- _Data extracts_:
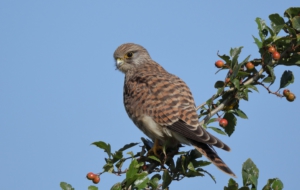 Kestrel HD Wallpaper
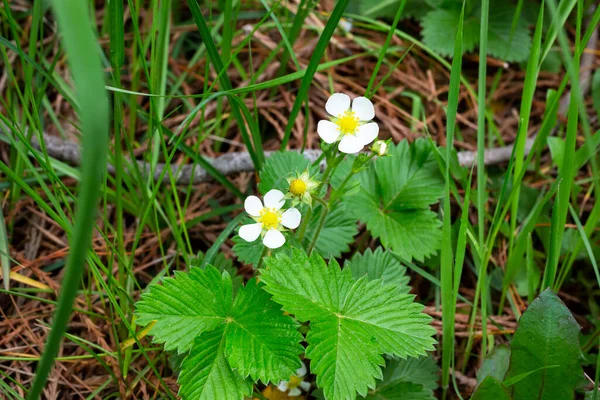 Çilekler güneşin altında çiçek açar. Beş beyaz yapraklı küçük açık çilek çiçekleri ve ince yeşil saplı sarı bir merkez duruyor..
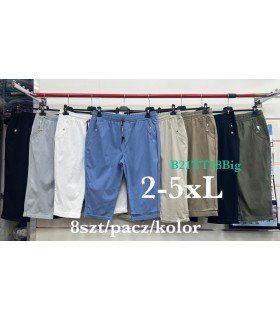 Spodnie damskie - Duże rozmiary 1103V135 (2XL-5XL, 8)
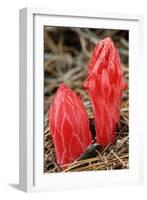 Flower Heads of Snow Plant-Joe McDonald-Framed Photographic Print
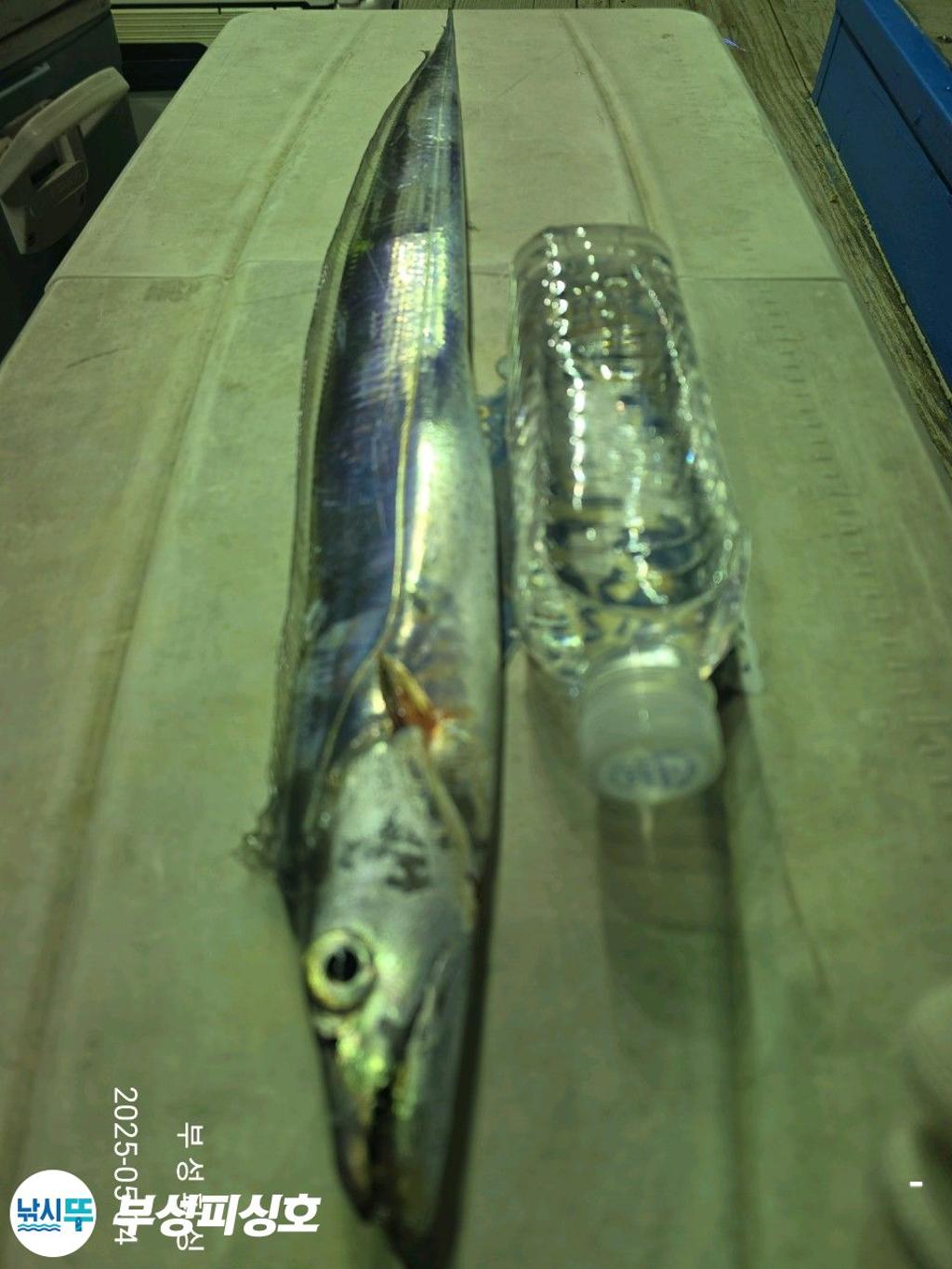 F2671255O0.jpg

- _Problem requirements_:
Write out a verbatim copy of the lines from the line that contains "Flower Heads of" through the end of the entries above; pictures are not copied.

- _Solution below_:
 Flower Heads of Snow Plant-Joe McDonald-Framed Photographic Print
 F2671255O0.jpg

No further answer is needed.